WHAT IS EXPECTED: Write out the following listing's lines from the one with "Nokia Lumia 735" to the one with "2015 Mercedes-Benz C Class - image 15", exactly, with both included and no others.

···

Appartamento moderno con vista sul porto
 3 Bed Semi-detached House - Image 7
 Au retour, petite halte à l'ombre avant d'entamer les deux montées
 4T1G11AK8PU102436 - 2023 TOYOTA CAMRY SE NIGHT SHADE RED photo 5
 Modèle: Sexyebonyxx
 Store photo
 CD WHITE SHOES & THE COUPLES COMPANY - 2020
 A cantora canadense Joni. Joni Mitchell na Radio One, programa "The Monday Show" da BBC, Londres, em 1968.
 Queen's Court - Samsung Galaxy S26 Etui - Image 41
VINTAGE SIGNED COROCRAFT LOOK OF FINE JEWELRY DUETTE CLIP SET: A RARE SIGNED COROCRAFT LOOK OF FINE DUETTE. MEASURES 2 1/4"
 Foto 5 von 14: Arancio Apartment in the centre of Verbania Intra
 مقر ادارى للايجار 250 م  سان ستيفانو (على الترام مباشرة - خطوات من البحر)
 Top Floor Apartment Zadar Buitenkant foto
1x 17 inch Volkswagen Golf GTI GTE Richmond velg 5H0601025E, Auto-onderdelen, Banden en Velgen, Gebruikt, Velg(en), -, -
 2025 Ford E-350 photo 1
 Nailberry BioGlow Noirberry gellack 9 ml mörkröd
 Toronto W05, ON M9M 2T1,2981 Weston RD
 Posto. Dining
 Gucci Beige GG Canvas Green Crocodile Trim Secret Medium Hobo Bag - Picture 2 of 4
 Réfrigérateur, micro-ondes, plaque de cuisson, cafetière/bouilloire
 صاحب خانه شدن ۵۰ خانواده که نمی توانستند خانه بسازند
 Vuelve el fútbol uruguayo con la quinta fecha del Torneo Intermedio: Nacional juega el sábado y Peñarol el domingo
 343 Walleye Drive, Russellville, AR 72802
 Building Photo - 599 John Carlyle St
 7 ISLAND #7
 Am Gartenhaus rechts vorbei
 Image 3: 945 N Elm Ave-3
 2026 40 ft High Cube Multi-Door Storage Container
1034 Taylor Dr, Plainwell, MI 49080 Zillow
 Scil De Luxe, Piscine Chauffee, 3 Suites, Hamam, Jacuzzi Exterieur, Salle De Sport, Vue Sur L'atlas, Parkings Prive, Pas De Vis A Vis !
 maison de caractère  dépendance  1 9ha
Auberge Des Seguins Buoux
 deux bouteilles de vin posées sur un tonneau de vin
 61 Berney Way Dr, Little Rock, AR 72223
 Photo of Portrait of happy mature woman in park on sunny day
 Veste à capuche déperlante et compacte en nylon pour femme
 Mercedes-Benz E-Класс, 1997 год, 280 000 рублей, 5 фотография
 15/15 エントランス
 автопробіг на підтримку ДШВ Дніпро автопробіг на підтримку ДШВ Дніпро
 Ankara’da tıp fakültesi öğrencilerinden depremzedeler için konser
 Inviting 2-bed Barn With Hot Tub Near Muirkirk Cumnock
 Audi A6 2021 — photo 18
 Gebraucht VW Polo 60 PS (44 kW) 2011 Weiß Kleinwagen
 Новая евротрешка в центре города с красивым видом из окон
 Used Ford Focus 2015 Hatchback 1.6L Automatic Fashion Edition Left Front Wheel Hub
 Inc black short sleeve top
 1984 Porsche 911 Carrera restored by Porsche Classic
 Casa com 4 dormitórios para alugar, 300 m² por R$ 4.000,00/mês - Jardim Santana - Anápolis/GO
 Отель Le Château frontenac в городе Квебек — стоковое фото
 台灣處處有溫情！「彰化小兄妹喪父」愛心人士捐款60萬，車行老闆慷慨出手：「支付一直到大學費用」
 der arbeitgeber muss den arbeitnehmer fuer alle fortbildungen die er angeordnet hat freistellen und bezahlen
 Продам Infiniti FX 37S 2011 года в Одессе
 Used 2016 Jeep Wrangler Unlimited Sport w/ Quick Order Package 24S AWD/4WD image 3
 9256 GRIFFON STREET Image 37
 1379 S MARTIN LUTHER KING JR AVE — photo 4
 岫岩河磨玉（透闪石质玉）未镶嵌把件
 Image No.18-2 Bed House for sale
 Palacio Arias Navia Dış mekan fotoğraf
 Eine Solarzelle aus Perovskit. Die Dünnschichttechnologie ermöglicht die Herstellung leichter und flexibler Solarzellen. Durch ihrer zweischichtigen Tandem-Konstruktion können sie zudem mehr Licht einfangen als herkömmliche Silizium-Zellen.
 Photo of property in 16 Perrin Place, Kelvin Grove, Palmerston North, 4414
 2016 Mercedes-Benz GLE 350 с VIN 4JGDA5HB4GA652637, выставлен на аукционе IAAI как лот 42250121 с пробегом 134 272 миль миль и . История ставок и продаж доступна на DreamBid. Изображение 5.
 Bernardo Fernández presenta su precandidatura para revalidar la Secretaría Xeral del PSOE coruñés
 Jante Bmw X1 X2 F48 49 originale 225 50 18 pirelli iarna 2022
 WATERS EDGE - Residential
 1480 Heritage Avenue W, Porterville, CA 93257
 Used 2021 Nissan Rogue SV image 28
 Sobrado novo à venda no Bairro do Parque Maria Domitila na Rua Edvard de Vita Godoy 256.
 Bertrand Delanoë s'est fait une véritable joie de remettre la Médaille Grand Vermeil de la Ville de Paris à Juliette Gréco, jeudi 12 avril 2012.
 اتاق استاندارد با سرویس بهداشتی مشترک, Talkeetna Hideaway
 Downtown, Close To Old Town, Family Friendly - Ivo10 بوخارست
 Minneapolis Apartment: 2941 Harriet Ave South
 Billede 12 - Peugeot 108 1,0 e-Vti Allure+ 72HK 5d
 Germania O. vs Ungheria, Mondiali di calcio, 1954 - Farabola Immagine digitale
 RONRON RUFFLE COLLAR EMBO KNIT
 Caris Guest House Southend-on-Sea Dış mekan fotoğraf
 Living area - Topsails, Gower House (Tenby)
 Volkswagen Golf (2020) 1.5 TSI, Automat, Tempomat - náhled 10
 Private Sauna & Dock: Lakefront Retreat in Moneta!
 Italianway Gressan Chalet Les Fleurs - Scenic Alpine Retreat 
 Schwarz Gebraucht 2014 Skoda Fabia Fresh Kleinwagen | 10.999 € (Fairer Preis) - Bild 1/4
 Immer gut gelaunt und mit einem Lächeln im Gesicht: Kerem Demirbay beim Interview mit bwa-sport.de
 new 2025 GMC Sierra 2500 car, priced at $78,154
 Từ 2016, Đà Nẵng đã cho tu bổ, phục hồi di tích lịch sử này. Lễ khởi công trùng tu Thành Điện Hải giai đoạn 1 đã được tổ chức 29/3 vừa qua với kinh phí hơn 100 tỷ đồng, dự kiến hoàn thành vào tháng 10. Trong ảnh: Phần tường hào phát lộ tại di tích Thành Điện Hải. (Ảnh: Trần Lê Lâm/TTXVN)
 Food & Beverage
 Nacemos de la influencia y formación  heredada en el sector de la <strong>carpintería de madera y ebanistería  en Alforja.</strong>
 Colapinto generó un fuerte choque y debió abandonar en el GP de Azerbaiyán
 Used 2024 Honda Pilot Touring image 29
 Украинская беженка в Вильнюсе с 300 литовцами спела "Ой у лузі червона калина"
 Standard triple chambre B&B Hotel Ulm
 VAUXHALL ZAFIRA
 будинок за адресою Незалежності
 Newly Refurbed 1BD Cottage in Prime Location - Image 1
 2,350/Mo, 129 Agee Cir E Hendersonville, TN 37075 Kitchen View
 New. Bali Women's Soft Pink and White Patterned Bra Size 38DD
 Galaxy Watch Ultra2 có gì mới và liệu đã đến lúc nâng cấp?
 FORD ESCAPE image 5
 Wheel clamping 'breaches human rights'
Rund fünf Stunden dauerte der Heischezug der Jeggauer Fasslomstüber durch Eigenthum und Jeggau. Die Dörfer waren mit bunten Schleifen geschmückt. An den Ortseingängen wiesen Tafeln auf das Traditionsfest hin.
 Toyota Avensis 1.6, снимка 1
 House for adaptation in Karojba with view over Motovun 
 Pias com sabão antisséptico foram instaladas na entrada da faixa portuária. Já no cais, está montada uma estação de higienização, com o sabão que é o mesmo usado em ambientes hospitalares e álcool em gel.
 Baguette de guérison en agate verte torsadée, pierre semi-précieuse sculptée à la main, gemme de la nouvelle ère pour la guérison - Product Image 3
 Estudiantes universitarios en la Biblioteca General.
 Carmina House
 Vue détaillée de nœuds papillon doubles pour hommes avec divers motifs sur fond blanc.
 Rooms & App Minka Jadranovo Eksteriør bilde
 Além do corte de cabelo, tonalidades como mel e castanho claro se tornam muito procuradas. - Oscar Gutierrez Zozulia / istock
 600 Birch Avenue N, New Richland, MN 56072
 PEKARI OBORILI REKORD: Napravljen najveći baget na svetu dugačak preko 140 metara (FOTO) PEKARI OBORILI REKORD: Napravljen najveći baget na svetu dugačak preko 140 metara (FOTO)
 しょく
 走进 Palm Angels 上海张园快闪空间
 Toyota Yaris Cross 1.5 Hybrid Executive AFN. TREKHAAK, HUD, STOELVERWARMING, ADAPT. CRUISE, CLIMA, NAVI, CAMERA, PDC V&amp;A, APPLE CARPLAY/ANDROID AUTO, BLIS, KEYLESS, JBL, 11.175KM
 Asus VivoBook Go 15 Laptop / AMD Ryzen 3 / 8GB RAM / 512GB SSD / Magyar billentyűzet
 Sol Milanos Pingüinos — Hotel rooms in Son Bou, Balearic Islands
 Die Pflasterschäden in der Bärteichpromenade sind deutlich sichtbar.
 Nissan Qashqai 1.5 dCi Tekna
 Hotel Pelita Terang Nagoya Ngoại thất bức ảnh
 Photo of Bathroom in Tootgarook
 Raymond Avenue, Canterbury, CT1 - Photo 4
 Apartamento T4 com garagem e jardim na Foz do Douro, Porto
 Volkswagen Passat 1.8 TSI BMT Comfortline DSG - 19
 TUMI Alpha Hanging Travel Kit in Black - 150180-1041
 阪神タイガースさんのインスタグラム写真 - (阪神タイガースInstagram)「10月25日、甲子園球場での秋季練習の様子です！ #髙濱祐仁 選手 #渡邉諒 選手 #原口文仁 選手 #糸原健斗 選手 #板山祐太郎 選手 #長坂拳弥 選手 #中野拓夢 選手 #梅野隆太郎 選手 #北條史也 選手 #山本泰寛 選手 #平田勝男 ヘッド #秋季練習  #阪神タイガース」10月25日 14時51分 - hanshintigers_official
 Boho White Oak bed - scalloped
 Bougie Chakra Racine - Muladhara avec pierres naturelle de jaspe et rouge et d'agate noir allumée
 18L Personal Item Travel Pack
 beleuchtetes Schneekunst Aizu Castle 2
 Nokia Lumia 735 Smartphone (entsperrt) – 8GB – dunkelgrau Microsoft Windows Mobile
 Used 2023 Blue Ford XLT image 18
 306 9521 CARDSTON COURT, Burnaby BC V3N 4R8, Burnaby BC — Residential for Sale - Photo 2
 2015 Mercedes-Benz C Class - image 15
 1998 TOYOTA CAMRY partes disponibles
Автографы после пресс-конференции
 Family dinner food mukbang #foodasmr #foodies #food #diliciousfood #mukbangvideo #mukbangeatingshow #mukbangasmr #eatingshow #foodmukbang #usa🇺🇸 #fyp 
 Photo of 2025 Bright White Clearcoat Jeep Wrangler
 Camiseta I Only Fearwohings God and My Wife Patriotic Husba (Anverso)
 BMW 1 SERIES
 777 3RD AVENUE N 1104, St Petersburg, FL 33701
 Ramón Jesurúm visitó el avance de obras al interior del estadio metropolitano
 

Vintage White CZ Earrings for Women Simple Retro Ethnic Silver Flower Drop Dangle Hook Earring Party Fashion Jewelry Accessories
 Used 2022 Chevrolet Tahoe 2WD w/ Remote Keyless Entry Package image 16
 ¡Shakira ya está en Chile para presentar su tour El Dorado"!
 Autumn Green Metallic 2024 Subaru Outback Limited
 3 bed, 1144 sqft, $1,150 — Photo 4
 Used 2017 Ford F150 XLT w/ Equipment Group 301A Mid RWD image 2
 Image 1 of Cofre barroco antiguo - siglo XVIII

···

COMPLETED EXERCISE:
 Nokia Lumia 735 Smartphone (entsperrt) – 8GB – dunkelgrau Microsoft Windows Mobile
 Used 2023 Blue Ford XLT image 18
 306 9521 CARDSTON COURT, Burnaby BC V3N 4R8, Burnaby BC — Residential for Sale - Photo 2
 2015 Mercedes-Benz C Class - image 15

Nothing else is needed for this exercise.